__Task requirements__. Extract precisely the lines of the entries below, from the first line through the line containing "the background. A".
-=-=-
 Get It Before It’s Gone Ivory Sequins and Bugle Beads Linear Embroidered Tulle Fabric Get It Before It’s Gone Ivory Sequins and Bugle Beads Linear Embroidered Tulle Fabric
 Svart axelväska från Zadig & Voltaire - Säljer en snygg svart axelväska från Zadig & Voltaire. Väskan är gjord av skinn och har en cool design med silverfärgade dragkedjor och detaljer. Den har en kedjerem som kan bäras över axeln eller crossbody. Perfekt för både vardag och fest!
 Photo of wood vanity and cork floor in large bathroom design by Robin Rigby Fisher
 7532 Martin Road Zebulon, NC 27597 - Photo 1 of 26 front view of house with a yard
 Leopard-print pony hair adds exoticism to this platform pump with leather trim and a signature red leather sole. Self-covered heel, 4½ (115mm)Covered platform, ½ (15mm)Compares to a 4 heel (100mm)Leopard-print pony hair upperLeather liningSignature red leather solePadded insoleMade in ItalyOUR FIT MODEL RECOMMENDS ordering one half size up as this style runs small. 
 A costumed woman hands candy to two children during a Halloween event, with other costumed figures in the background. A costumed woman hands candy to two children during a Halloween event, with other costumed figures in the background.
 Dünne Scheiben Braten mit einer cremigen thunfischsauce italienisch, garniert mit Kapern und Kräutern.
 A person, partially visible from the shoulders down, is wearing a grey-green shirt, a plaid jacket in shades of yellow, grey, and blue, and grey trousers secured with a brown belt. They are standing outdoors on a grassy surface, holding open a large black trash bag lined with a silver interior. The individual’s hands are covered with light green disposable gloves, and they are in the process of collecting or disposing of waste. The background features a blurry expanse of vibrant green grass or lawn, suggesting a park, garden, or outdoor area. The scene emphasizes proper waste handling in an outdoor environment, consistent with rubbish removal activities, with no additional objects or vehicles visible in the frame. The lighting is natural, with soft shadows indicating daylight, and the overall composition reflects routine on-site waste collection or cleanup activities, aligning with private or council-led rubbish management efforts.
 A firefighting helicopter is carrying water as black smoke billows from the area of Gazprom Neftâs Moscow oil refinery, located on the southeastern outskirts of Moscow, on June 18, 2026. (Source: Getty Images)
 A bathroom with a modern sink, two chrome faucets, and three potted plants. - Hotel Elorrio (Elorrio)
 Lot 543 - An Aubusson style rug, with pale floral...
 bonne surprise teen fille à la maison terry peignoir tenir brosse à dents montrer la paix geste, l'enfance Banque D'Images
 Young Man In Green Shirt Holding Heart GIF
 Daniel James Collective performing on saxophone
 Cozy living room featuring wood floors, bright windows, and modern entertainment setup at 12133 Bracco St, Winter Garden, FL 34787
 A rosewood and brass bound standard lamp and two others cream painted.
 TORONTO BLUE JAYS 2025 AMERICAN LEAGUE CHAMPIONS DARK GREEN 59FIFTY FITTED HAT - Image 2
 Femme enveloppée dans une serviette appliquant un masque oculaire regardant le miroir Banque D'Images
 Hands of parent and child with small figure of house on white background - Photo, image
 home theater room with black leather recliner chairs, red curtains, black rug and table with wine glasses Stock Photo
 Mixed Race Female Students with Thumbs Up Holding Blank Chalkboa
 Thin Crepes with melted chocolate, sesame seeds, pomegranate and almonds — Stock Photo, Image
-=-=-
__The completed task__.
 Get It Before It’s Gone Ivory Sequins and Bugle Beads Linear Embroidered Tulle Fabric Get It Before It’s Gone Ivory Sequins and Bugle Beads Linear Embroidered Tulle Fabric
 Svart axelväska från Zadig & Voltaire - Säljer en snygg svart axelväska från Zadig & Voltaire. Väskan är gjord av skinn och har en cool design med silverfärgade dragkedjor och detaljer. Den har en kedjerem som kan bäras över axeln eller crossbody. Perfekt för både vardag och fest!
 Photo of wood vanity and cork floor in large bathroom design by Robin Rigby Fisher
 7532 Martin Road Zebulon, NC 27597 - Photo 1 of 26 front view of house with a yard
 Leopard-print pony hair adds exoticism to this platform pump with leather trim and a signature red leather sole. Self-covered heel, 4½ (115mm)Covered platform, ½ (15mm)Compares to a 4 heel (100mm)Leopard-print pony hair upperLeather liningSignature red leather solePadded insoleMade in ItalyOUR FIT MODEL RECOMMENDS ordering one half size up as this style runs small. 
 A costumed woman hands candy to two children during a Halloween event, with other costumed figures in the background. A costumed woman hands candy to two children during a Halloween event, with other costumed figures in the background.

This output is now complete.